───── Collected data

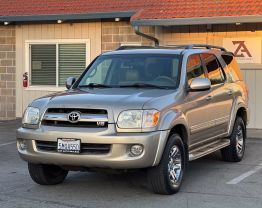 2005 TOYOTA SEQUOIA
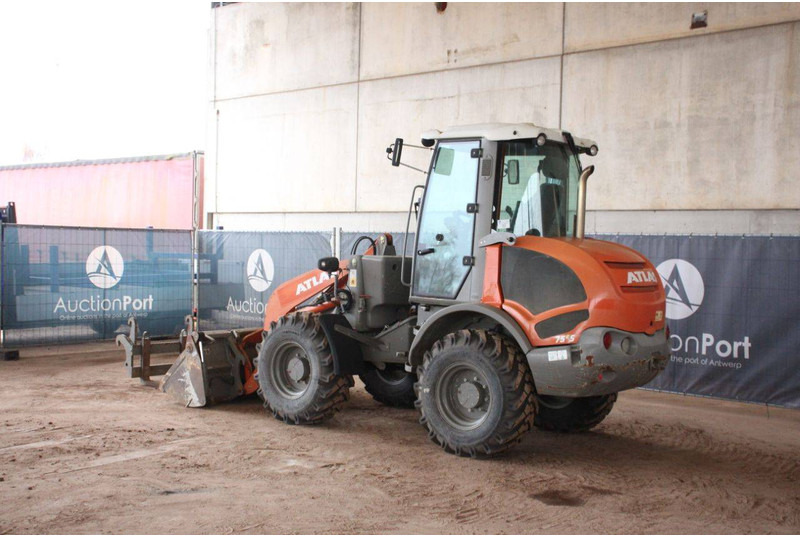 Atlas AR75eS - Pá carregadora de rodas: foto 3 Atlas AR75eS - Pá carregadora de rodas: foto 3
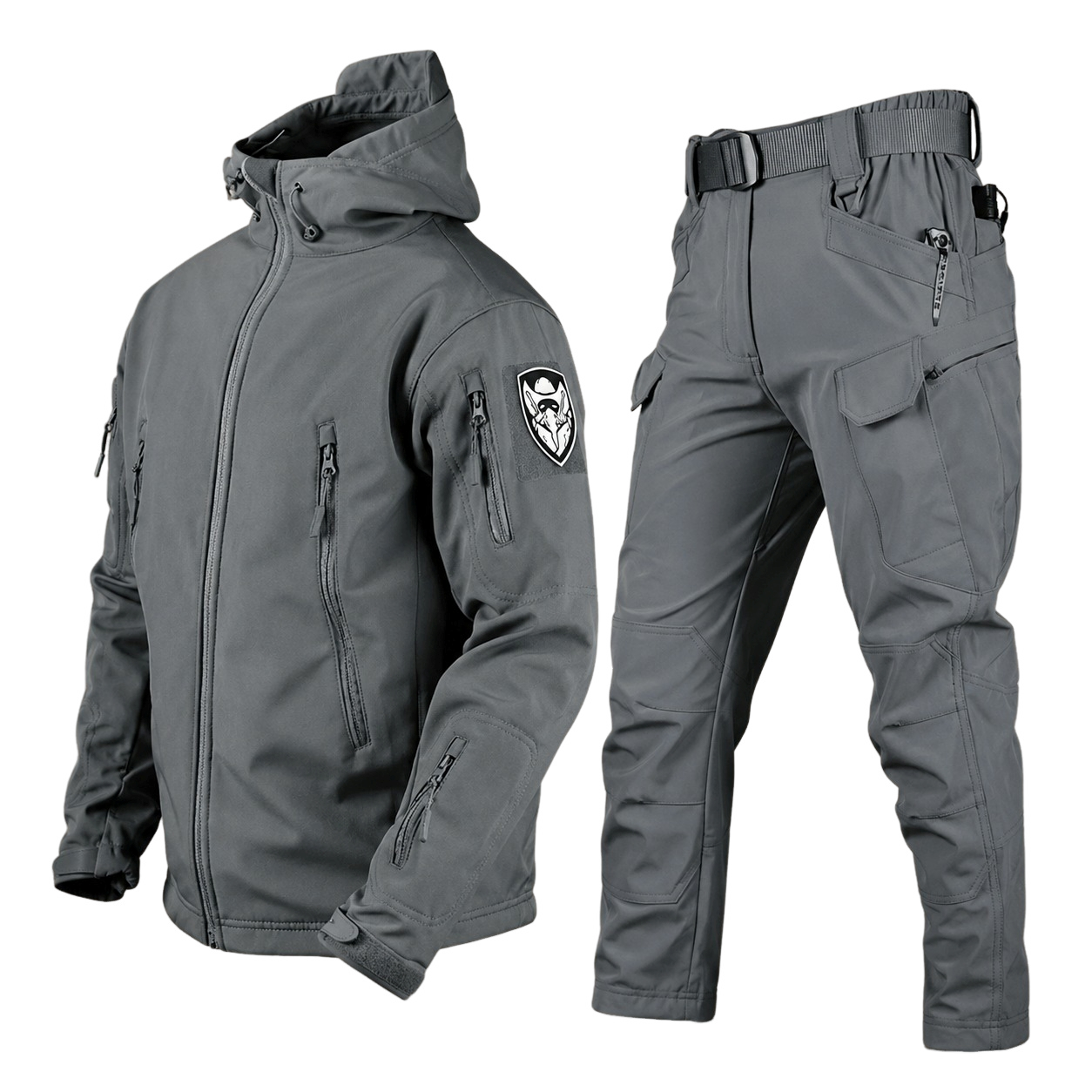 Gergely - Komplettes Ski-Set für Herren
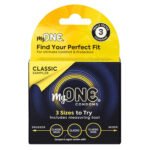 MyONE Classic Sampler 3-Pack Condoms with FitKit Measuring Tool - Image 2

──────────

Exercise => Word for word, repeat only the lines from the line containing "Atlas AR75eS - Pá carregadora de rodas: foto 3 Atlas" through the end of the data, without any pictures.

Output for this exercise =>
 Atlas AR75eS - Pá carregadora de rodas: foto 3 Atlas AR75eS - Pá carregadora de rodas: foto 3
 Gergely - Komplettes Ski-Set für Herren
 MyONE Classic Sampler 3-Pack Condoms with FitKit Measuring Tool - Image 2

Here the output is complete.